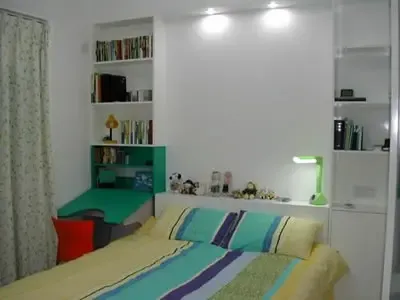 网友小家的浪漫生活 45平的一居小户型实景(图) 网友小家的浪漫生活 45平的一居小户型实景(图)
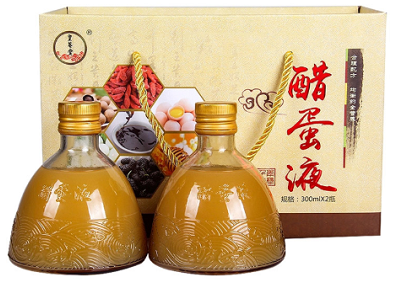 醋蛋液要怎么做 醋蛋液的功效有什么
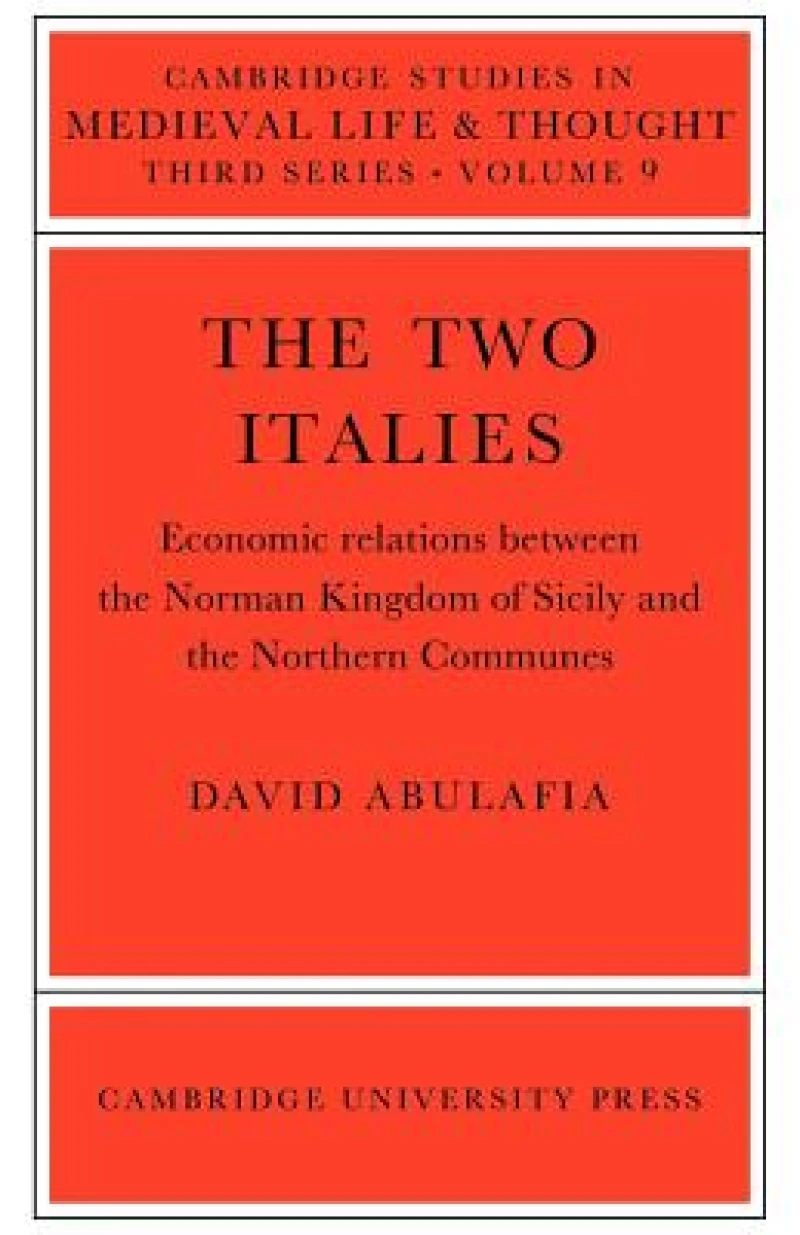 The Two Italies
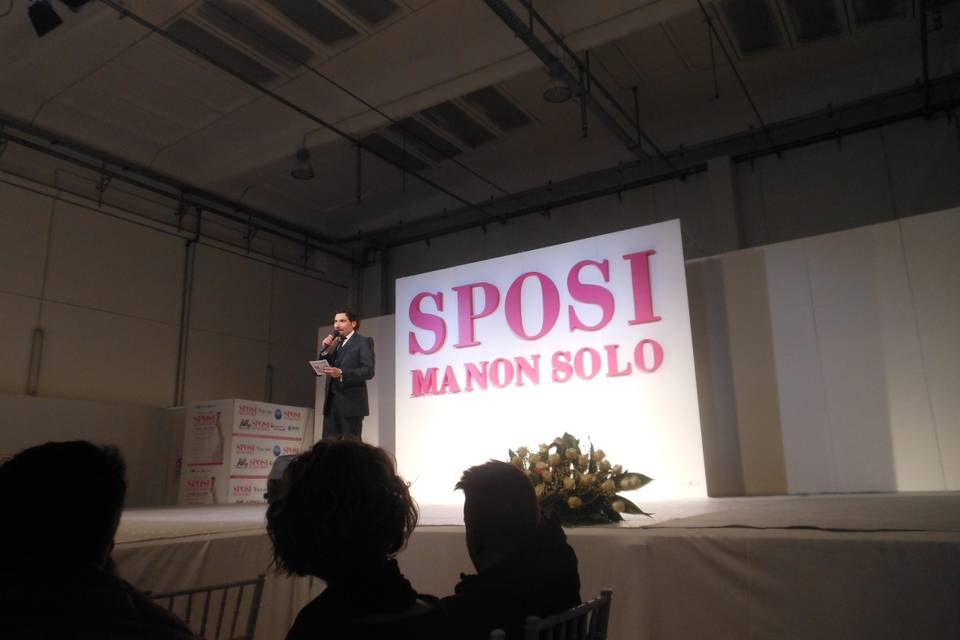 Fiera sposi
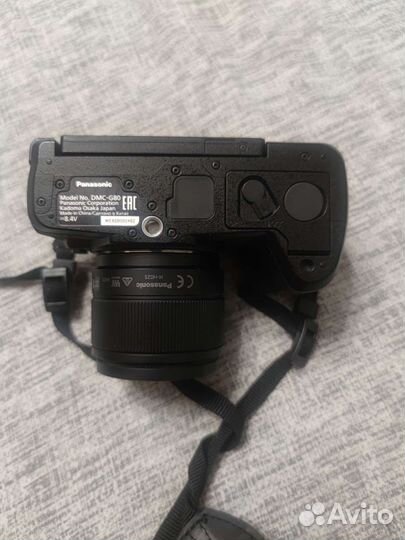 Камера panasonic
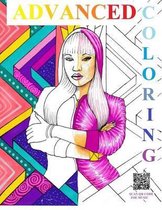 Advanced Coloring Books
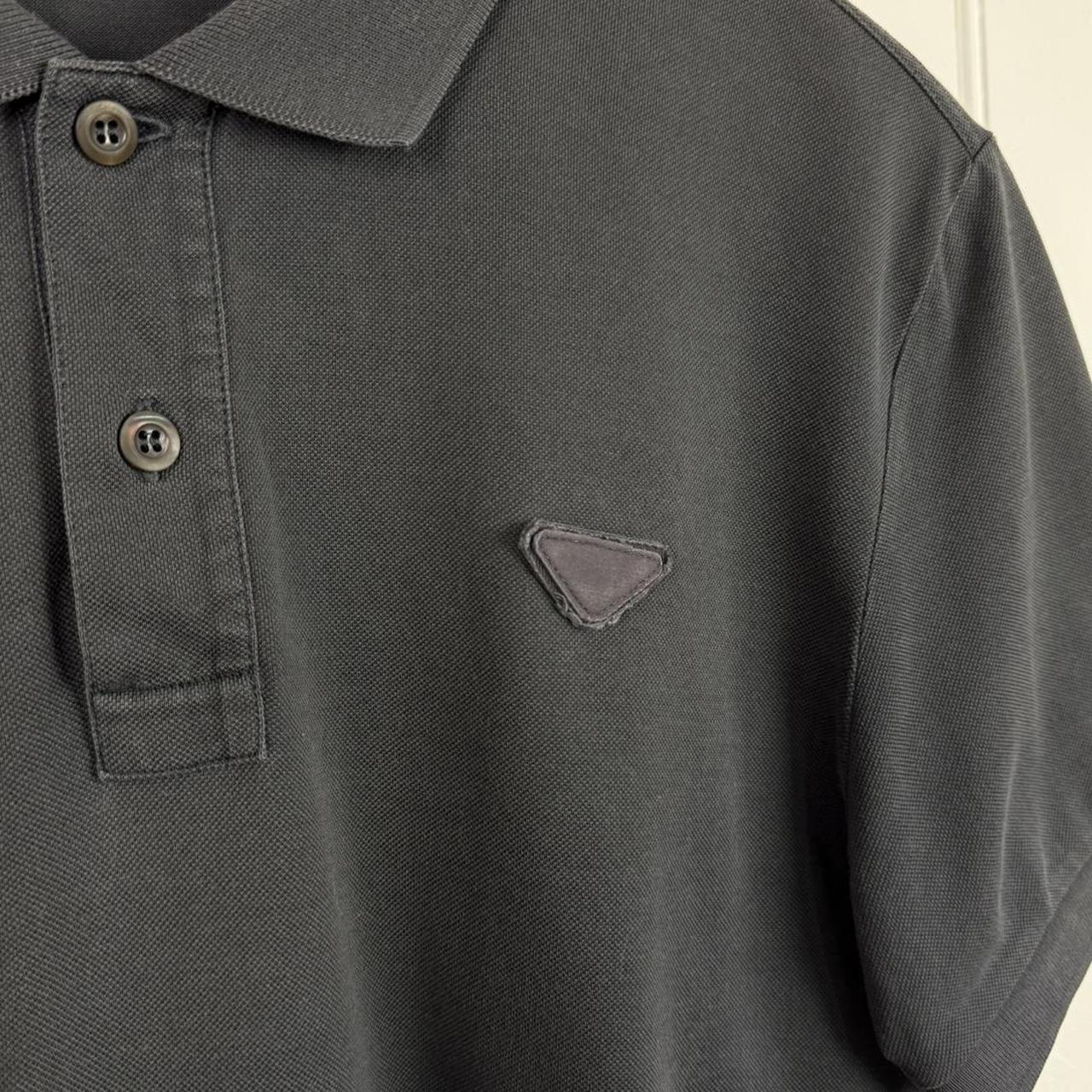 Prada Milano Polo Shirt (M)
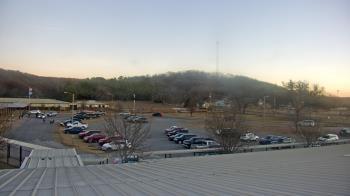 Weather camera view of Salina HS.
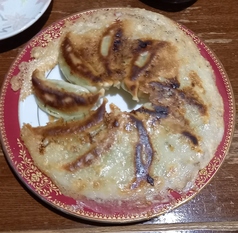 羽付餃子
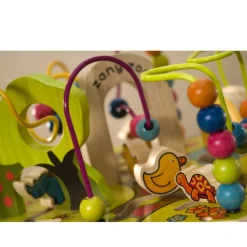 Zany Zoo aktivitets legeplads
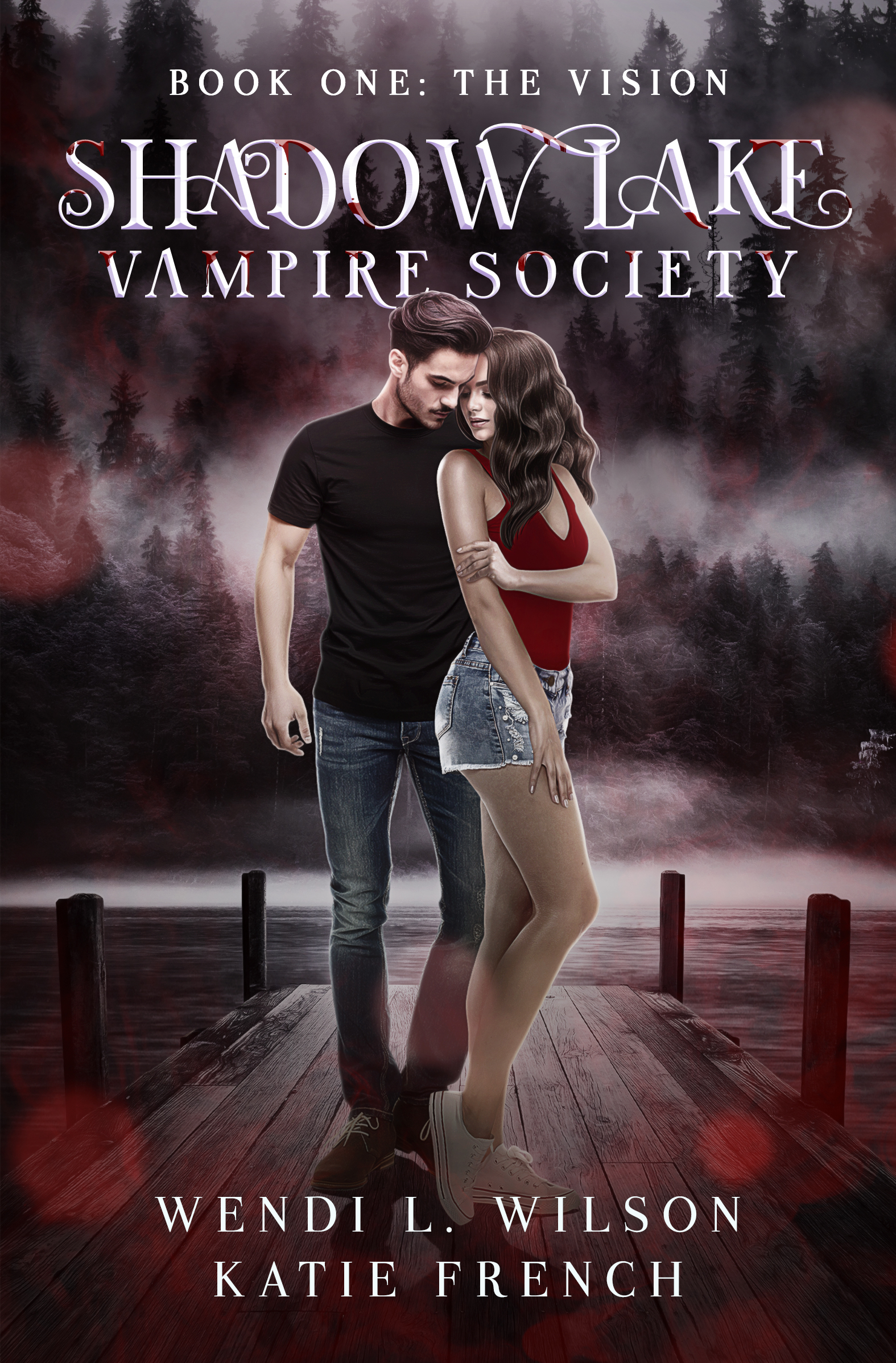 The Vision (Shadow Lake Vampire Society, #1)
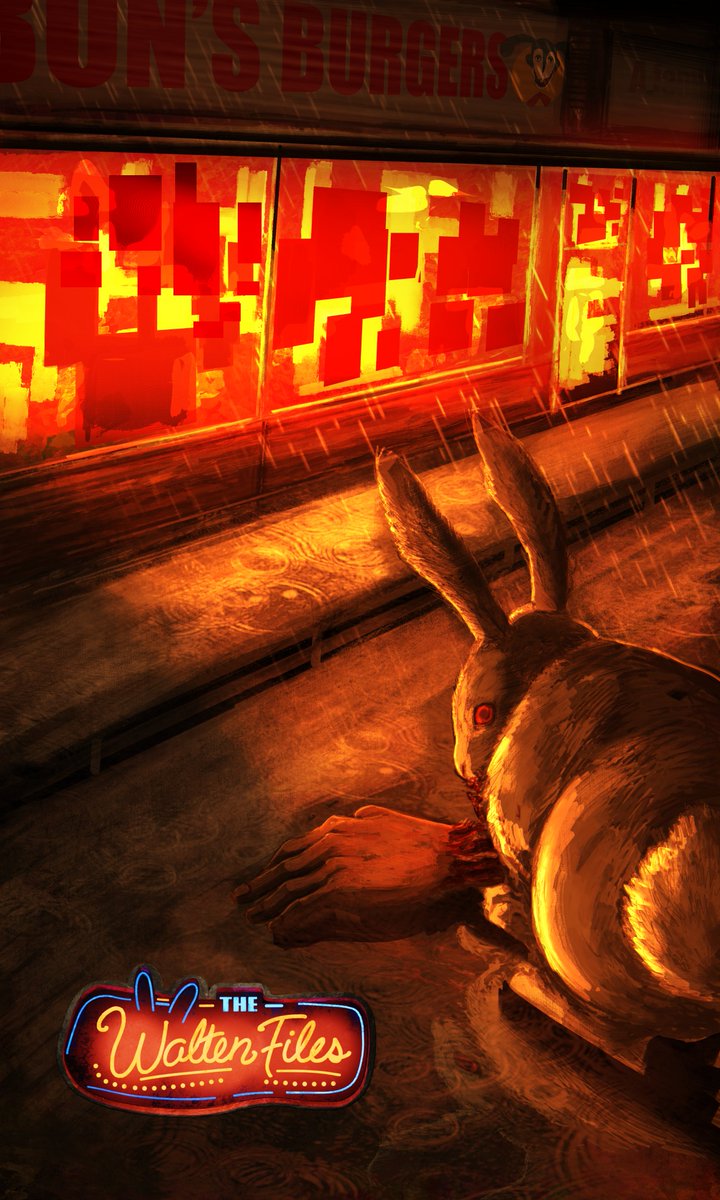 The Walten Files: Live Action Series tweet media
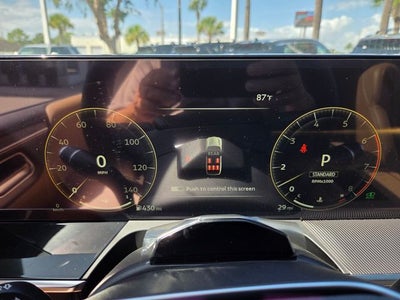 2027 INFINITI QX80 Luxe 2WD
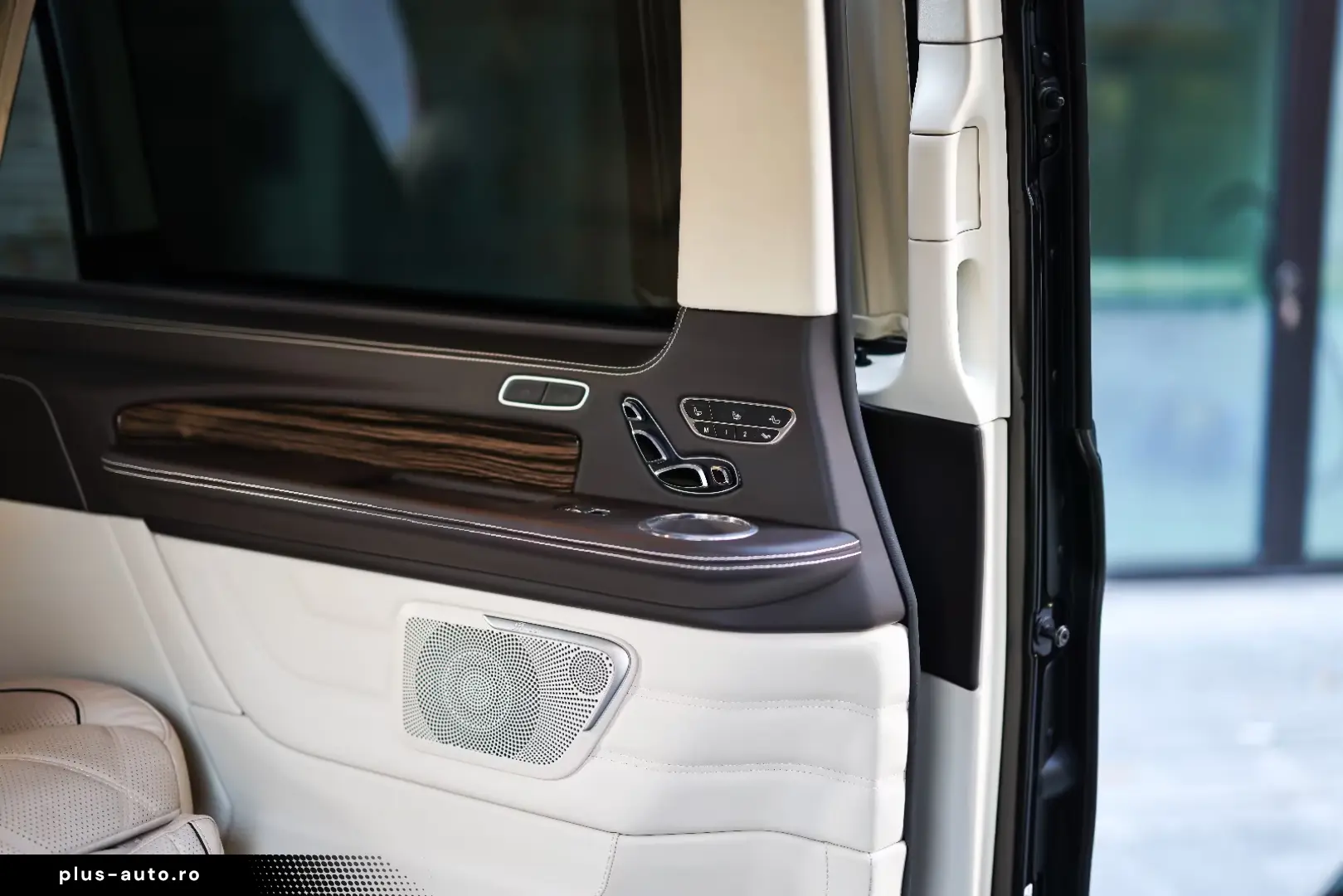 Mercedes-Benz V 300 d 4MATIC Extralong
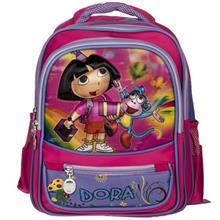 کوله پشتی مدل سه بعدی طرح دورای جست و جوگر 3D Dora the Explorer Design Backpack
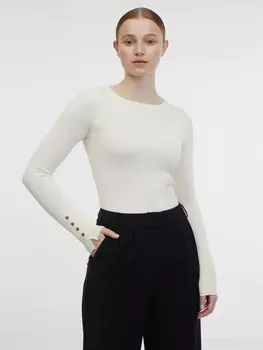 Свитер Orsay, белый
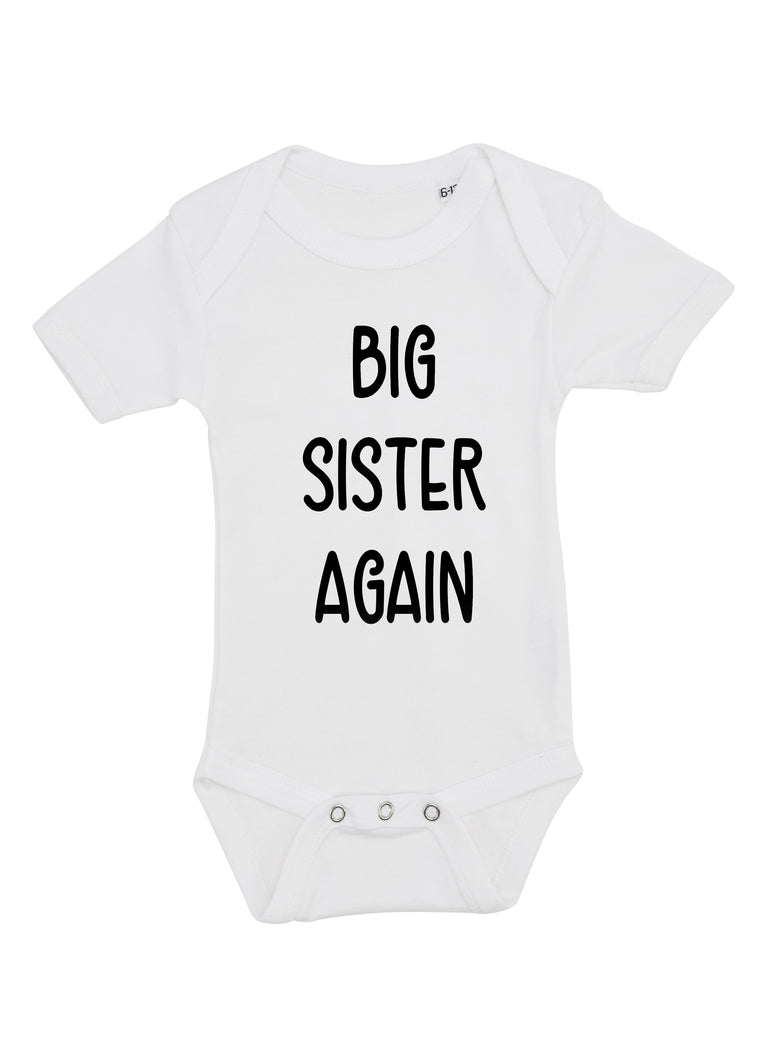 Big sister again body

# # # # # # #

Copy the records word for word, leaving no picture in the copy.

 网友小家的浪漫生活 45平的一居小户型实景(图) 网友小家的浪漫生活 45平的一居小户型实景(图)
 醋蛋液要怎么做 醋蛋液的功效有什么
 The Two Italies
 Fiera sposi
 Камера panasonic
 Advanced Coloring Books
 Prada Milano Polo Shirt (M)
 Weather camera view of Salina HS.
 羽付餃子
 Zany Zoo aktivitets legeplads
 The Vision (Shadow Lake Vampire Society, #1)
 The Walten Files: Live Action Series tweet media
 2027 INFINITI QX80 Luxe 2WD
 Mercedes-Benz V 300 d 4MATIC Extralong
 کوله پشتی مدل سه بعدی طرح دورای جست و جوگر 3D Dora the Explorer Design Backpack
 Свитер Orsay, белый
 Big sister again body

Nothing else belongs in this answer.